> _EXERCISE GOAL_: Quote the records in full and leave their pictures out.

::::::::::

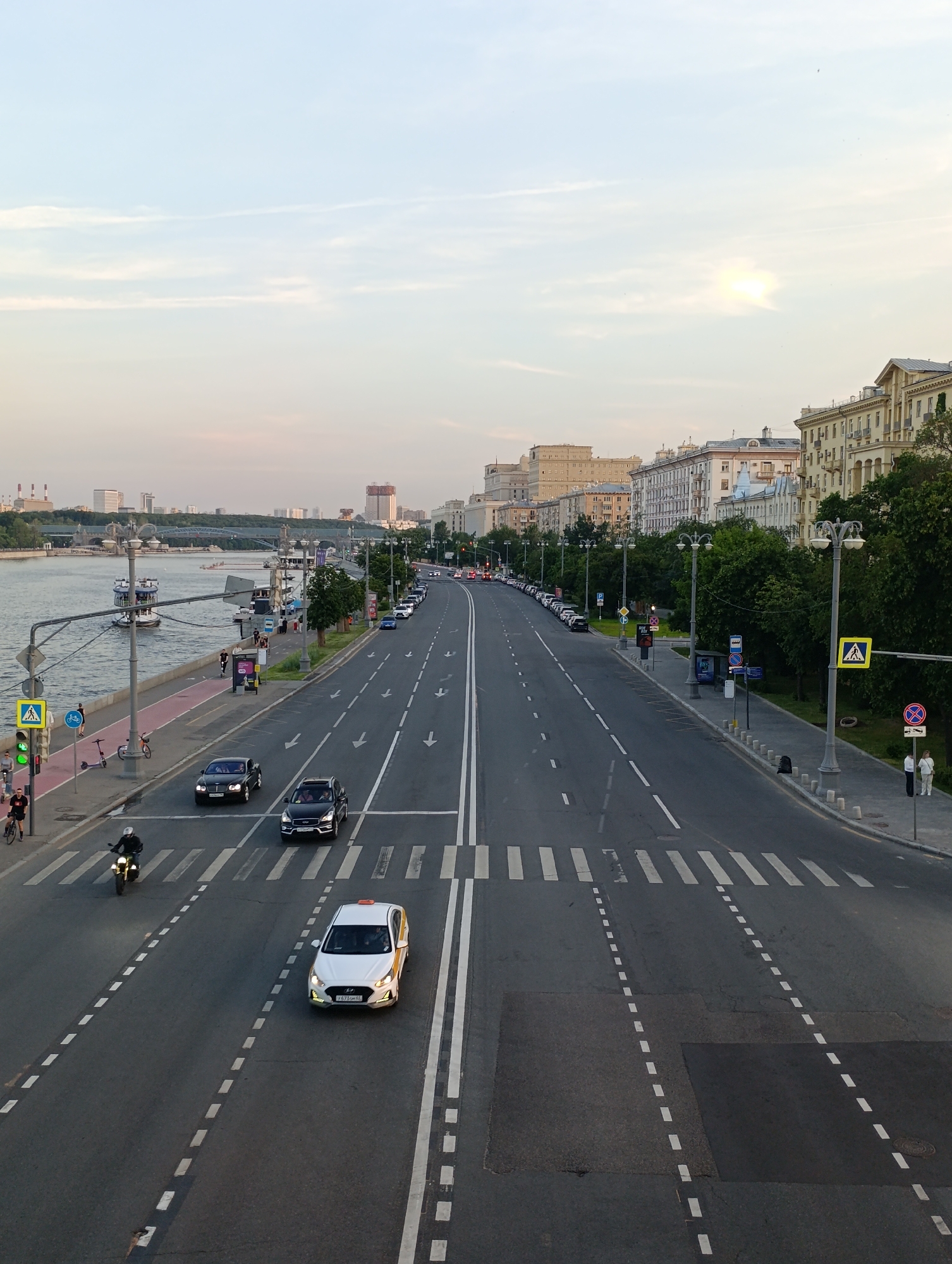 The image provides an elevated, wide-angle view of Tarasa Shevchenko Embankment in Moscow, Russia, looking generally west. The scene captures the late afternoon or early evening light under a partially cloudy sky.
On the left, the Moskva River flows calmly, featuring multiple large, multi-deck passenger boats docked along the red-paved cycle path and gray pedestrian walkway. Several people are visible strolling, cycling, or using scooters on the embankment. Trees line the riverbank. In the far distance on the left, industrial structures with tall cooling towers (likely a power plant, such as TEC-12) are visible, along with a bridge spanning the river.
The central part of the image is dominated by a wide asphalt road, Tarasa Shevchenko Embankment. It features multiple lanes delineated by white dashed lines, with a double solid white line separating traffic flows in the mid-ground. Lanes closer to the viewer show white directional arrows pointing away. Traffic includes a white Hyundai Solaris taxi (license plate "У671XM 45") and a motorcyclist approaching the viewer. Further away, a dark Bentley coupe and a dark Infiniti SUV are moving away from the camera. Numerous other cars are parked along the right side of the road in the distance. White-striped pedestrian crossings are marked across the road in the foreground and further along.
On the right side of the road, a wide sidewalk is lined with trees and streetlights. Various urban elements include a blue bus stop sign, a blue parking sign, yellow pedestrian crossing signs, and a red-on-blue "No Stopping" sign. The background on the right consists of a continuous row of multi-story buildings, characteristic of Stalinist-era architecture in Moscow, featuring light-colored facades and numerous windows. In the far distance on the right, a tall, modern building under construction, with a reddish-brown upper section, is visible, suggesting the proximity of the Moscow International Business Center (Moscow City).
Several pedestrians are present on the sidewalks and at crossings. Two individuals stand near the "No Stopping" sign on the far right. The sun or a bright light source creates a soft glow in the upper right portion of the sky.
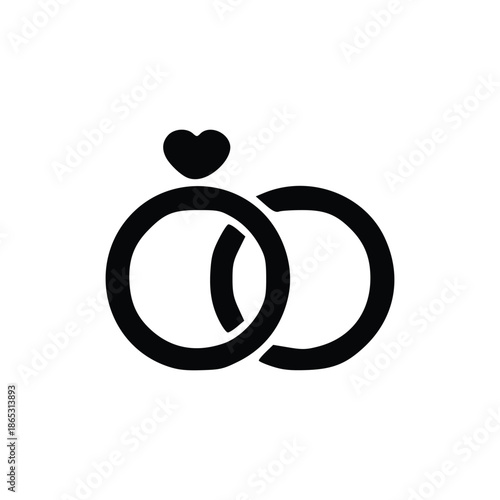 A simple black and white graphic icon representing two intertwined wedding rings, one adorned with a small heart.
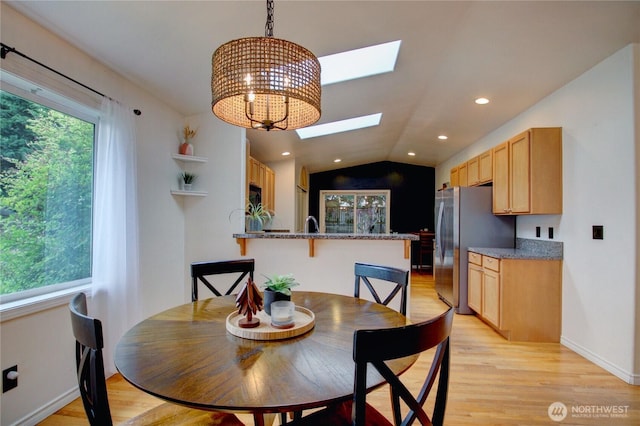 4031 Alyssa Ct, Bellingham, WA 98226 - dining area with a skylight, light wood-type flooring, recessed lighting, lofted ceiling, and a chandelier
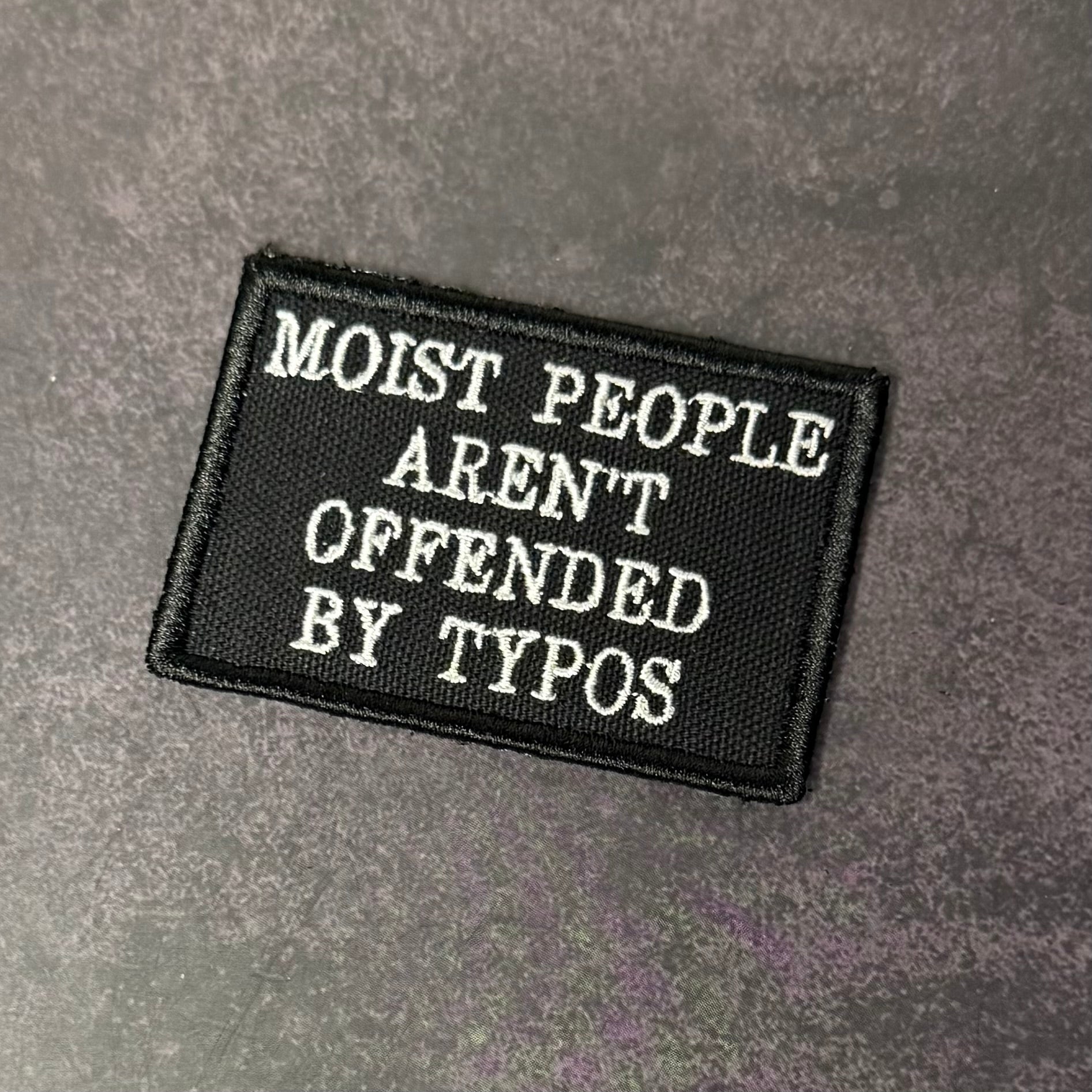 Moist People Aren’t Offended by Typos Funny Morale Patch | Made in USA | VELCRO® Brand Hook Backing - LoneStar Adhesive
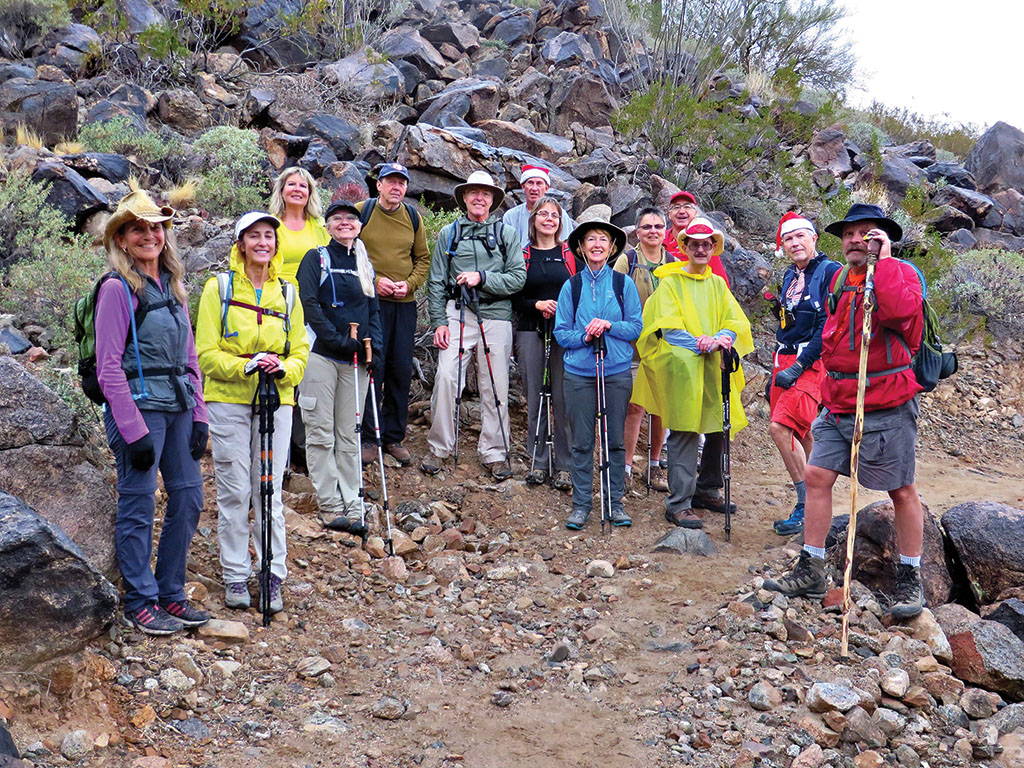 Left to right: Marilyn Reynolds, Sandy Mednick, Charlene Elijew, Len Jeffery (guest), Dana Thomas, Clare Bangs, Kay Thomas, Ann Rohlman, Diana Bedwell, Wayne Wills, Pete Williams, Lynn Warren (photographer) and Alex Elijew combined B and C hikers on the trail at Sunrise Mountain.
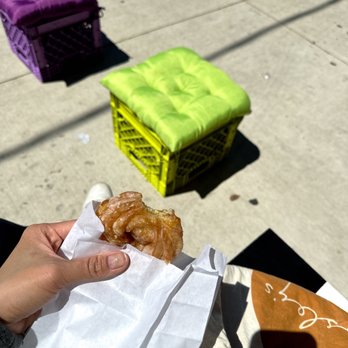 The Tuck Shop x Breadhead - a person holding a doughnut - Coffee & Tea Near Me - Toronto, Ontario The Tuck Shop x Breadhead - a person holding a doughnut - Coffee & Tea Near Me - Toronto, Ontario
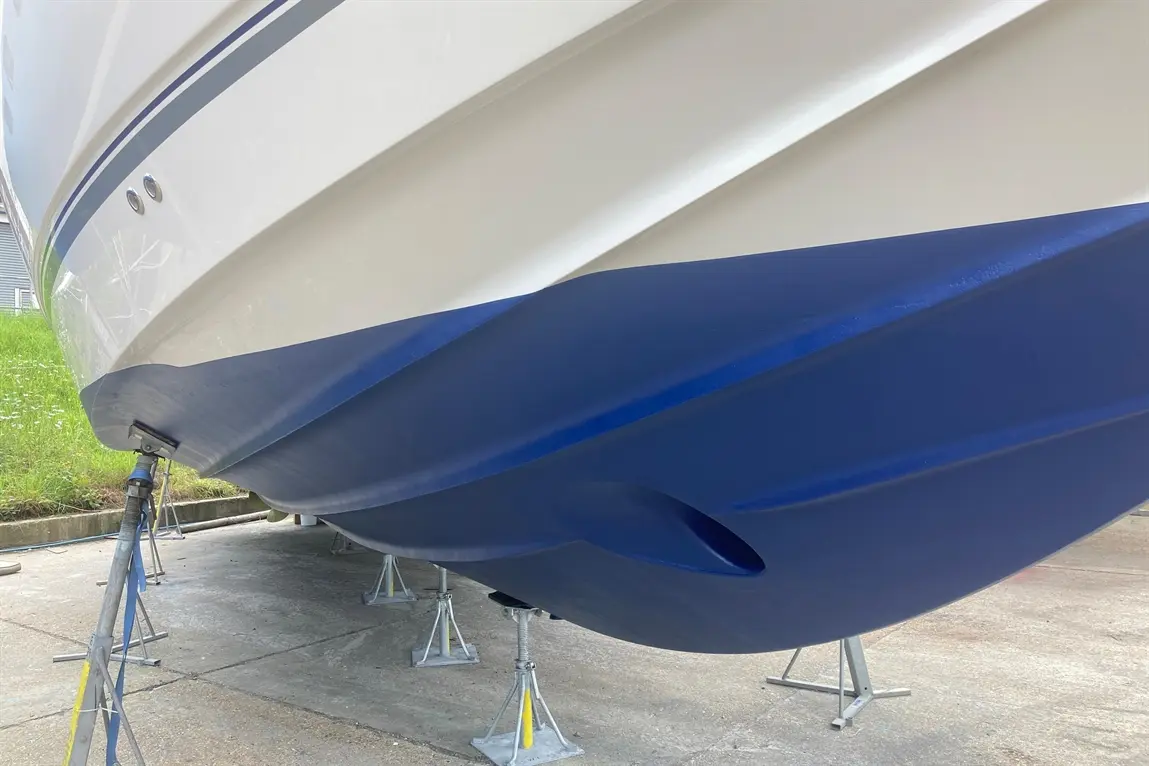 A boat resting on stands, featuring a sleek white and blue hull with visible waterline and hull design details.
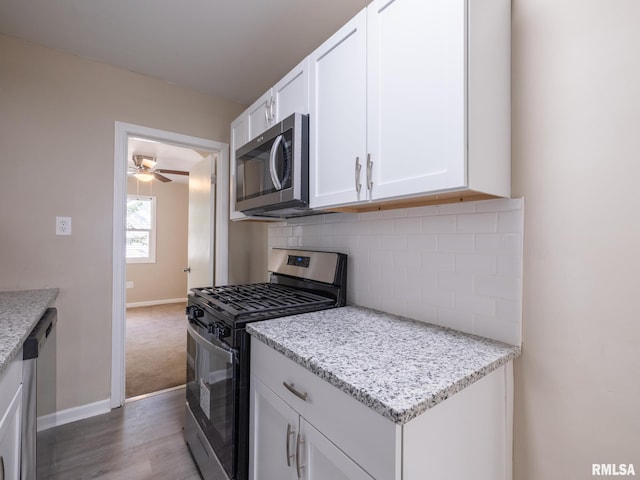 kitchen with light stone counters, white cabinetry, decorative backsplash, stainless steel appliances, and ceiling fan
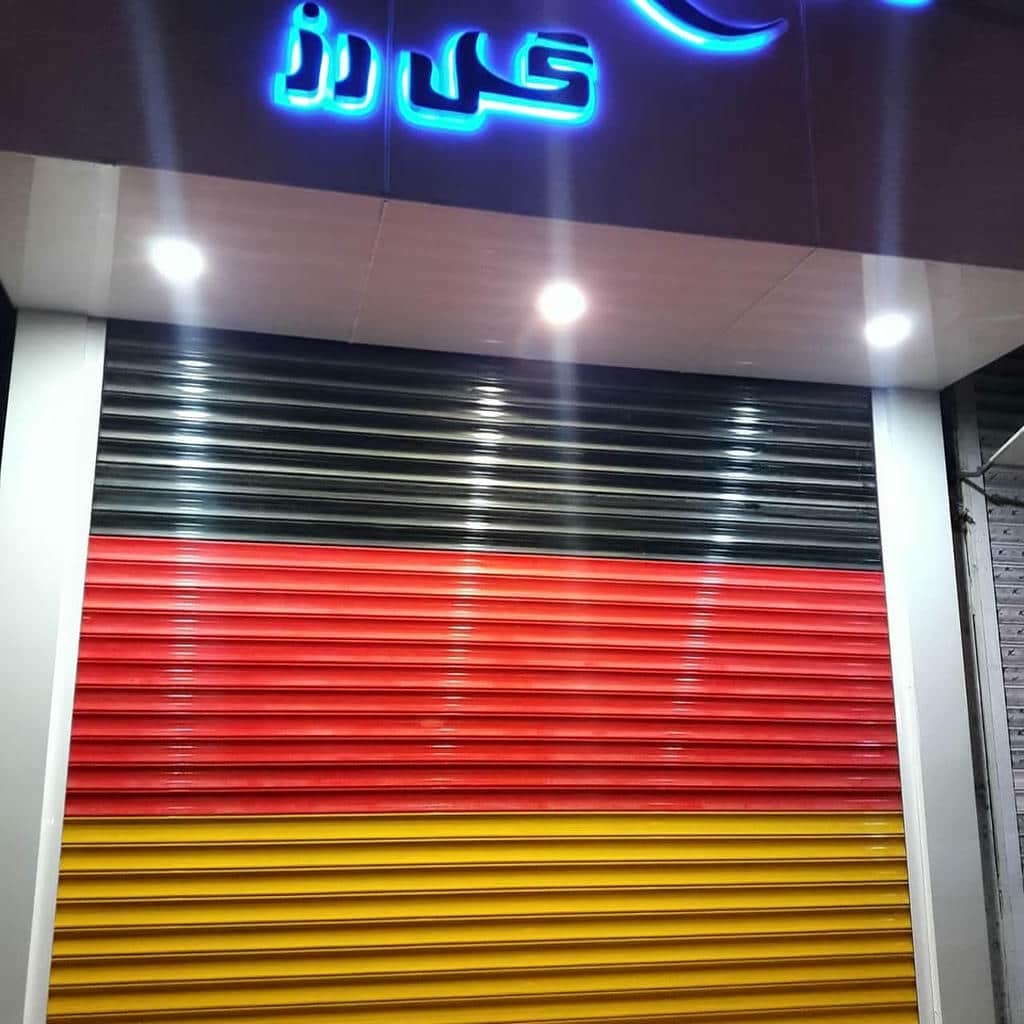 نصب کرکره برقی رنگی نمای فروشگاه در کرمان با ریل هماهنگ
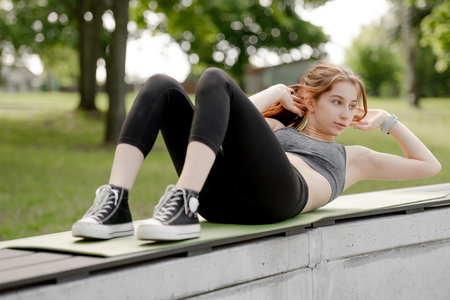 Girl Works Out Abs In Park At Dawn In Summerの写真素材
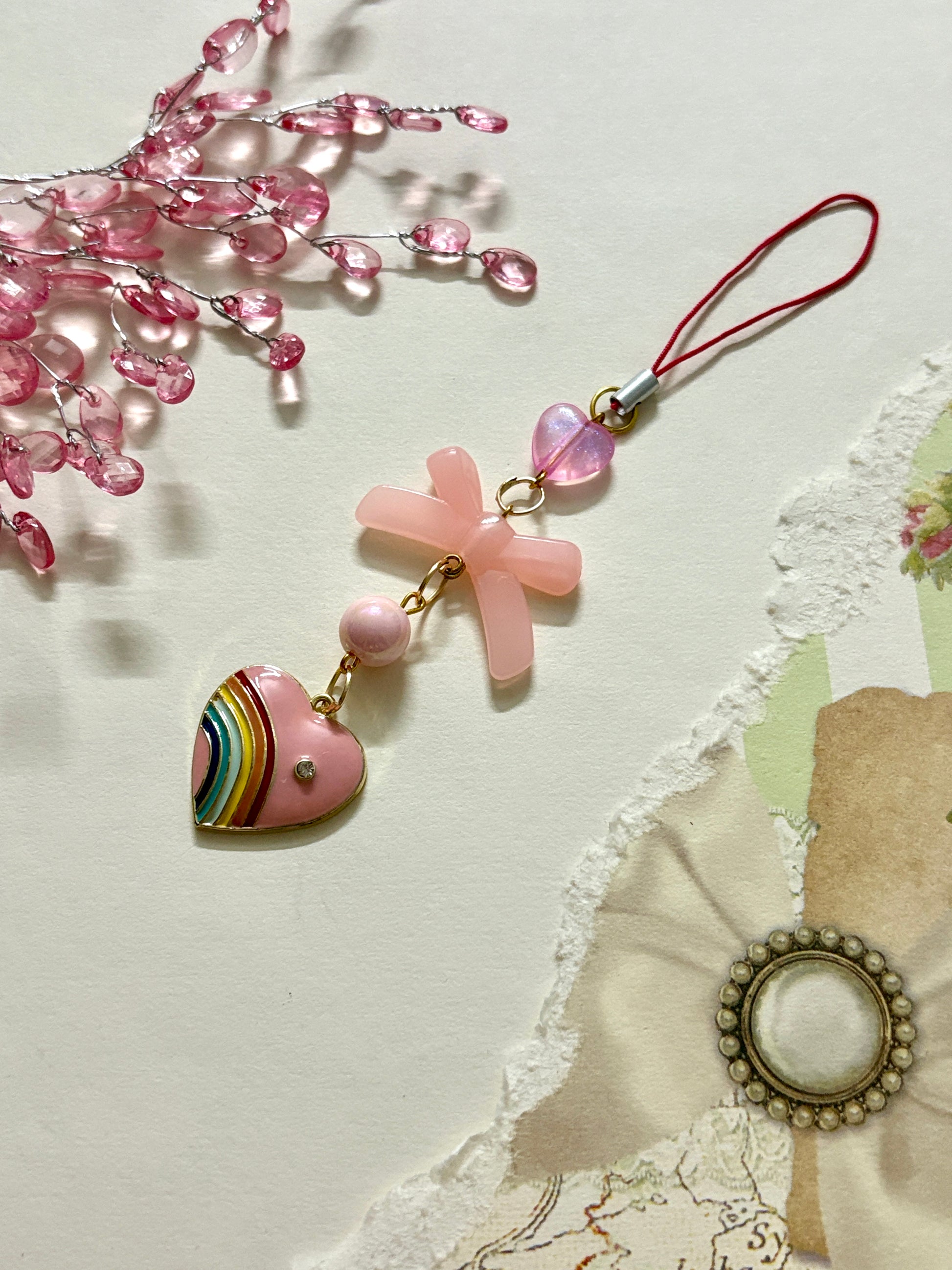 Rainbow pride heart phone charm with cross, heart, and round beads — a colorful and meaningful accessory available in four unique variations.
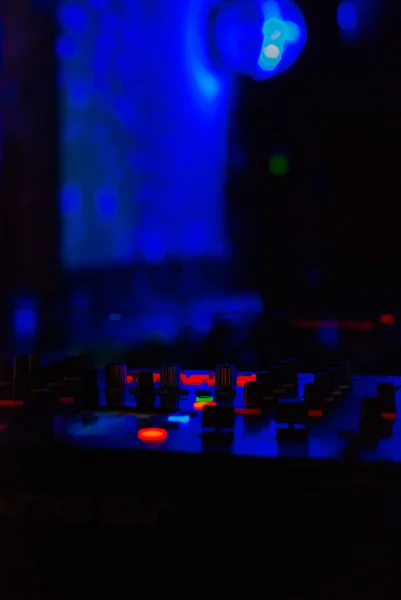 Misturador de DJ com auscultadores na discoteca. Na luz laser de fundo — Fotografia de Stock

::::::::::

> _EXERCISE SOLUTION_:
 The image provides an elevated, wide-angle view of Tarasa Shevchenko Embankment in Moscow, Russia, looking generally west. The scene captures the late afternoon or early evening light under a partially cloudy sky.
On the left, the Moskva River flows calmly, featuring multiple large, multi-deck passenger boats docked along the red-paved cycle path and gray pedestrian walkway. Several people are visible strolling, cycling, or using scooters on the embankment. Trees line the riverbank. In the far distance on the left, industrial structures with tall cooling towers (likely a power plant, such as TEC-12) are visible, along with a bridge spanning the river.
The central part of the image is dominated by a wide asphalt road, Tarasa Shevchenko Embankment. It features multiple lanes delineated by white dashed lines, with a double solid white line separating traffic flows in the mid-ground. Lanes closer to the viewer show white directional arrows pointing away. Traffic includes a white Hyundai Solaris taxi (license plate "У671XM 45") and a motorcyclist approaching the viewer. Further away, a dark Bentley coupe and a dark Infiniti SUV are moving away from the camera. Numerous other cars are parked along the right side of the road in the distance. White-striped pedestrian crossings are marked across the road in the foreground and further along.
On the right side of the road, a wide sidewalk is lined with trees and streetlights. Various urban elements include a blue bus stop sign, a blue parking sign, yellow pedestrian crossing signs, and a red-on-blue "No Stopping" sign. The background on the right consists of a continuous row of multi-story buildings, characteristic of Stalinist-era architecture in Moscow, featuring light-colored facades and numerous windows. In the far distance on the right, a tall, modern building under construction, with a reddish-brown upper section, is visible, suggesting the proximity of the Moscow International Business Center (Moscow City).
Several pedestrians are present on the sidewalks and at crossings. Two individuals stand near the "No Stopping" sign on the far right. The sun or a bright light source creates a soft glow in the upper right portion of the sky.
 A simple black and white graphic icon representing two intertwined wedding rings, one adorned with a small heart.
 4031 Alyssa Ct, Bellingham, WA 98226 - dining area with a skylight, light wood-type flooring, recessed lighting, lofted ceiling, and a chandelier
 Moist People Aren’t Offended by Typos Funny Morale Patch | Made in USA | VELCRO® Brand Hook Backing - LoneStar Adhesive
 Left to right: Marilyn Reynolds, Sandy Mednick, Charlene Elijew, Len Jeffery (guest), Dana Thomas, Clare Bangs, Kay Thomas, Ann Rohlman, Diana Bedwell, Wayne Wills, Pete Williams, Lynn Warren (photographer) and Alex Elijew combined B and C hikers on the trail at Sunrise Mountain.
 The Tuck Shop x Breadhead - a person holding a doughnut - Coffee & Tea Near Me - Toronto, Ontario The Tuck Shop x Breadhead - a person holding a doughnut - Coffee & Tea Near Me - Toronto, Ontario
 A boat resting on stands, featuring a sleek white and blue hull with visible waterline and hull design details.
 kitchen with light stone counters, white cabinetry, decorative backsplash, stainless steel appliances, and ceiling fan
 نصب کرکره برقی رنگی نمای فروشگاه در کرمان با ریل هماهنگ
 Girl Works Out Abs In Park At Dawn In Summerの写真素材
 Rainbow pride heart phone charm with cross, heart, and round beads — a colorful and meaningful accessory available in four unique variations.
 Misturador de DJ com auscultadores na discoteca. Na luz laser de fundo — Fotografia de Stock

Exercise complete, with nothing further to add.